Will the negative attention currently focused on Autonomy, have a negative impact on UK tech companies looking for investment?

Tech CIty UK
Will the Autonomy scandal be bad news for UK technology companies setting up in the Old Strret area of London, known as Tech City?

In the short space of just over 12 months, Autonomy has gone from darling of the UK tech scene when it was sold to HP in a deal worth over $11 billion in total, to a pariah which has been accused of "accounting improprieties" and faces investigations by the FBI and Securities and Exchange Commission in the US, and the Serious Fraud Office in the UK.

While claim and counter-claim fly around across the Atlantic about who is responsible, it will take weeks, months, if not years for the various organisations to complete their investigations and for the blame to be finally attributed to one side or the other.

In the meantime however, the negative press surrounding the Autonomy deal could have a much bigger impact on UK technology companies and start-ups which are still looking for investment and/or looking to go public.

Will investors and analysts now think twice about investing in or recommending a UK start-up as a result of the almost-$9bn write down on the purchase of Autonomy by HP?

At the Boost Your Start-Up event in the heart of Tech City - the UK's answer to Silicon Valley - yesterday, a panel of experts were discussing ways in which UK technology start-up could attract investment.

With the Autonomy news still fresh in people's minds it was unsurprising that the subject was addressed. Asked if it would be detrimental to UK start-ups looking for a cash injection, Julie Meyer said it was only natural there would be an affect.

"Intuitively they [investors] will be a little bit more careful," Meyer said.

Meyer is an American-born entrepreneur and investor who helped found Ariadne Capital Entrepreneurs Fund.

She went on to tell the audience of entrepreneurs and inventors that a business model, which a lot of UK start-ups seem to follow, of building up their value just so they can sell to US companies is inherently "flawed."
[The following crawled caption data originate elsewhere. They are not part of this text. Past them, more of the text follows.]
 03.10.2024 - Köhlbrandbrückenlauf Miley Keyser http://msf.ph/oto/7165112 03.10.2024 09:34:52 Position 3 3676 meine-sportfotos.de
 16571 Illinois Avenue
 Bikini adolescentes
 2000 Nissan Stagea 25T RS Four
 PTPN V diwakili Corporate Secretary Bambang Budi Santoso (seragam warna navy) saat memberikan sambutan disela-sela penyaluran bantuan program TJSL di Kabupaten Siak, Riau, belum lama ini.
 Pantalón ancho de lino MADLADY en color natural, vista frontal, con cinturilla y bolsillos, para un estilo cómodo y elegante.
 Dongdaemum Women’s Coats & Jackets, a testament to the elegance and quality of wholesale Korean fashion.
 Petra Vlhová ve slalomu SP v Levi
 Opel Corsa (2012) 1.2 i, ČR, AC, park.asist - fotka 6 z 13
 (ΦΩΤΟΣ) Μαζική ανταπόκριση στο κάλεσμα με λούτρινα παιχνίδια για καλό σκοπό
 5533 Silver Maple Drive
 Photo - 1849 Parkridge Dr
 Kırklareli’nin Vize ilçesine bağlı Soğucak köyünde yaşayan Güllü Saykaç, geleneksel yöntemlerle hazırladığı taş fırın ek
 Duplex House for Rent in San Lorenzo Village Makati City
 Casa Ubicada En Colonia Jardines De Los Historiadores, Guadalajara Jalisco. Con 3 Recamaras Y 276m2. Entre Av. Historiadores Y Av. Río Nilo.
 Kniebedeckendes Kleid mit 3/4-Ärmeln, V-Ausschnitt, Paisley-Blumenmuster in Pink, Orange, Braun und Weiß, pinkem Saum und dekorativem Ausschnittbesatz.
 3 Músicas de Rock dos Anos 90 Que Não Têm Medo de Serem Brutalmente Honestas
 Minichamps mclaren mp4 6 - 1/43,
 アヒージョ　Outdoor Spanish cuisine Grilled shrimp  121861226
This view was echoed by Graham Weston, chairman and founder of cloud hosting company Rackspace - which was launching the Rackspace Startup Programme 2013 which aims to provide cloud computing resources to support start-ups in the UK.

Weston said that building a company with the express intention of selling it to a big multi-national was not a good idea.

"I think there is a perspective, short-term thinking, [that] once you make something successful, you sell it."

Weston went on to day that companies who do this never fulfil their promise.

Don't cry

However addressing the Autonomy issue directly, Weston said that people on this side of the Atlantic shouldn't worry too much about the $9bn write down:

"Autonomy go a heck of a price. [It was a] net positive for Britain on that one. Don't cry too much about Autonomy because Brits got the best of that deal."